## Activity:
All that is needed is the number of lines in the records that contain the word "Pendant", stated without anything else.

## Provided material:
◇ ◇ ◇ ◇ ◇
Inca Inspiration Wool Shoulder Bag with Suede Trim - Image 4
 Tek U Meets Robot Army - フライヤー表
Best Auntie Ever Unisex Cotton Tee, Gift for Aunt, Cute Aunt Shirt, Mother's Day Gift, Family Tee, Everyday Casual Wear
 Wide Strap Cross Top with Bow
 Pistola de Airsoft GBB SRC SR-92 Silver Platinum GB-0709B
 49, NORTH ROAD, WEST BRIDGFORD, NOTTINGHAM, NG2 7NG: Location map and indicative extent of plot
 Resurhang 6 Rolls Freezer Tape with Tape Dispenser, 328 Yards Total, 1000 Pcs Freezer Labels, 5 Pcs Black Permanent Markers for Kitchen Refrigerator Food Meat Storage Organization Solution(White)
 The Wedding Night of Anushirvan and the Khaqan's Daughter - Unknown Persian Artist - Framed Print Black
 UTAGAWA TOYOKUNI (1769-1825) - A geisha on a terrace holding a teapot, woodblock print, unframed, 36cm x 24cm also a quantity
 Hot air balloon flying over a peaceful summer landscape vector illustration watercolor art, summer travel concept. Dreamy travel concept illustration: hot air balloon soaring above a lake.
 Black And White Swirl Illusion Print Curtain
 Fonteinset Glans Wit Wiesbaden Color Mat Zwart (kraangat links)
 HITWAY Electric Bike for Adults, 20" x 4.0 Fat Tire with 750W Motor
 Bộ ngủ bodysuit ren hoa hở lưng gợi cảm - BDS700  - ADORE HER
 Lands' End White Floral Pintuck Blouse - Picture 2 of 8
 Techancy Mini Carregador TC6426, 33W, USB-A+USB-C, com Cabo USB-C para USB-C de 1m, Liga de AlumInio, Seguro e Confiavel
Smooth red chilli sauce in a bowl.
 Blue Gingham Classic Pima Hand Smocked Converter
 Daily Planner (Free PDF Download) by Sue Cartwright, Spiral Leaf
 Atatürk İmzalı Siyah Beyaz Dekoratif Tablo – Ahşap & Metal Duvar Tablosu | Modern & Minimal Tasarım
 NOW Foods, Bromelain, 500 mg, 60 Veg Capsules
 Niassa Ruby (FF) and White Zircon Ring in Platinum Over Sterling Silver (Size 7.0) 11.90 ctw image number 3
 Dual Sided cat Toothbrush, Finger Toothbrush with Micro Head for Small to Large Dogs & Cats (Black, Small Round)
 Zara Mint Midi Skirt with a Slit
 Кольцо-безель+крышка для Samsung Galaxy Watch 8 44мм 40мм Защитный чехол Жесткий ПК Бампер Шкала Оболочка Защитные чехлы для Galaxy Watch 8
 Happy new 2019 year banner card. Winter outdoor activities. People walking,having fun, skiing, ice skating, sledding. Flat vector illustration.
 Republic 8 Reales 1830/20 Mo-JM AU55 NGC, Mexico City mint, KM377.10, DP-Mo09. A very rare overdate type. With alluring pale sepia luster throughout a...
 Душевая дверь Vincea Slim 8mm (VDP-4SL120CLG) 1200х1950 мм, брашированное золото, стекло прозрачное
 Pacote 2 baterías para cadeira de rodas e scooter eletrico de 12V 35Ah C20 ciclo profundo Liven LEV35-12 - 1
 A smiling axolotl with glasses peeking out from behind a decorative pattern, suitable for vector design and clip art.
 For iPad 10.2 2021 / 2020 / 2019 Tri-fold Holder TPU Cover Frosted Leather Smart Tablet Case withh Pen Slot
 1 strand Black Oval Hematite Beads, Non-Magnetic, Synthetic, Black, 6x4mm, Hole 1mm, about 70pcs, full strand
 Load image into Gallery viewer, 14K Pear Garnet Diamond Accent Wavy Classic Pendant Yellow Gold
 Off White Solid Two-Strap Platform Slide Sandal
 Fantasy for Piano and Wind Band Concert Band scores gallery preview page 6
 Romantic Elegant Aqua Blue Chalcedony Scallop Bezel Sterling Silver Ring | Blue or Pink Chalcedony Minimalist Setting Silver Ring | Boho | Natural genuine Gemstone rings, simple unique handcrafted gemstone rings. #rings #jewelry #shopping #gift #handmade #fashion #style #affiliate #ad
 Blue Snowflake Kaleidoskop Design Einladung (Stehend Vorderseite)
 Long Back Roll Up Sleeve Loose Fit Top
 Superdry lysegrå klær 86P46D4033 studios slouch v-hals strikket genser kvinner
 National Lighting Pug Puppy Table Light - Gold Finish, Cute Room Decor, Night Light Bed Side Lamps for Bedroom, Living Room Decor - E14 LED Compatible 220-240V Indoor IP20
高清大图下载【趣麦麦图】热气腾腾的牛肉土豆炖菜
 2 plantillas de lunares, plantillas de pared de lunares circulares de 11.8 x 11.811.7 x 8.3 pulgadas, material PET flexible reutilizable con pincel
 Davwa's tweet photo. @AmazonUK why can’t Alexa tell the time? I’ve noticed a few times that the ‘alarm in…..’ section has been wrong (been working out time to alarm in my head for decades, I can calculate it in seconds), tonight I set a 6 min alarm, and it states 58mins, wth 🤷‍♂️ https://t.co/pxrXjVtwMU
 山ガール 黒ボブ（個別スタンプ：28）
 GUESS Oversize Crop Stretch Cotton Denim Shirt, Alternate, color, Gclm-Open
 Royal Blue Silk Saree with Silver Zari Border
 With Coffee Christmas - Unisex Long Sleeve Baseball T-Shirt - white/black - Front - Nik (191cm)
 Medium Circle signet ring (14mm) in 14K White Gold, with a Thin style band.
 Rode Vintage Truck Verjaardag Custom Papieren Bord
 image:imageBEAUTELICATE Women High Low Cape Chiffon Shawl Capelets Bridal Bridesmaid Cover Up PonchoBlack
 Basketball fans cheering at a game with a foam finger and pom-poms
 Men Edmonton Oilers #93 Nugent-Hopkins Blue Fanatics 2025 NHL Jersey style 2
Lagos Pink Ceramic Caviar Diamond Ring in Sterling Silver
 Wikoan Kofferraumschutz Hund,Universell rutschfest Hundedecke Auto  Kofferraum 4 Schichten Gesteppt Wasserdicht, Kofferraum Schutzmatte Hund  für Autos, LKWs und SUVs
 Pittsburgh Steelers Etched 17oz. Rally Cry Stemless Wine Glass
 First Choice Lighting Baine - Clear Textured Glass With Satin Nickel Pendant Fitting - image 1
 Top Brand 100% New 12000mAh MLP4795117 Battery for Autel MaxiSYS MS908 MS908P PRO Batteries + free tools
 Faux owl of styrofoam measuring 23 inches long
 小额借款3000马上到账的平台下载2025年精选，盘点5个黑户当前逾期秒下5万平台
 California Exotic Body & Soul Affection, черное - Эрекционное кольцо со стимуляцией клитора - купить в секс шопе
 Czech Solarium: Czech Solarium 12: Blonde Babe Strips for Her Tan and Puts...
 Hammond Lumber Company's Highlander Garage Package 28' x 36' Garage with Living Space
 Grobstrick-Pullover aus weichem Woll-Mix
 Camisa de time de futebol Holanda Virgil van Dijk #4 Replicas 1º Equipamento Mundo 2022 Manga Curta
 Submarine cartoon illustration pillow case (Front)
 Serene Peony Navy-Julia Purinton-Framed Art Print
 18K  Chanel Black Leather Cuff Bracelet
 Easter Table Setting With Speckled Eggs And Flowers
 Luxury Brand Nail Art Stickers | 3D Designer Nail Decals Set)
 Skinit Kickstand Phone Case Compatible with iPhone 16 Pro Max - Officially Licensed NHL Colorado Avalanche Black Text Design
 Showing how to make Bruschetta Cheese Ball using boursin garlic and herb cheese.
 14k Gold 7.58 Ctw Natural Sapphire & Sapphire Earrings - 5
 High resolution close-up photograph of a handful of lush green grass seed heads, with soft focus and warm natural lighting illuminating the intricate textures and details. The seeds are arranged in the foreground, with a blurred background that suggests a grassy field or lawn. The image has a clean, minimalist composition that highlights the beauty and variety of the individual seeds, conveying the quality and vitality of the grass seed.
◇ ◇ ◇ ◇ ◇
## Your response:
2